Department of Public Health Sciences, The University of Chicago, Chicago, Illinois.
Department of Medicine, The University of Chicago, Chicago, Illinois.
Health Econ. 2019 May;28(5):710-716. doi: 10.1002/hec.3861. Epub 2019 Jan 22.
Health economists are often interested in the effects of provider-level attributes (e.g., nonprofit status or quality rating) on patient outcomes, but estimation is subject to selection bias due to correlation with other omitted provider-level attributes that also affect patient outcomes. Recently, researchers have attempted to use patient-level instrumental variables, such as differential distance, to solve this problem of a provider-level endogenous treatment variable in settings where patients are nested within providers. However, to satisfy validity assumptions, an instrumental variable for a provider attribute must be at the provider level or a larger unit of aggregation, not at the patient level. A patient-level instrument cannot predict variation in a provider attribute separately from other, potentially unmeasured, provider attributes. In this paper, we explain this misapplication, review the extent of this problem in recent literature, and offer alternative approaches to avoid this misapplication of patient-level instrumental variables.
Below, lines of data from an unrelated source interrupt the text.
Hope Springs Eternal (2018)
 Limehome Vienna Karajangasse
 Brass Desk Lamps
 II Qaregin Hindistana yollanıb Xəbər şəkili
卫生经济学家通常关注提供者层面的属性(如非营利性或质量评级)对患者结果的影响,但由于与其他可能影响患者结果的提供者层面属性相关,因此估计会受到选择偏差的影响。最近,研究人员试图使用患者层面的工具变量,如差异距离,来解决在患者嵌套在提供者中的情况下,提供者层面内生治疗变量的问题。然而,为了满足有效性假设,提供者属性的工具变量必须在提供者层面或更大的聚合层面上,而不是在患者层面上。患者层面的工具变量不能单独预测提供者属性的变化,而其他潜在未测量的提供者属性可能会影响提供者属性的变化。在本文中,我们解释了这种错误应用,回顾了最近文献中该问题的程度,并提供了避免这种患者层面工具变量误用的替代方法。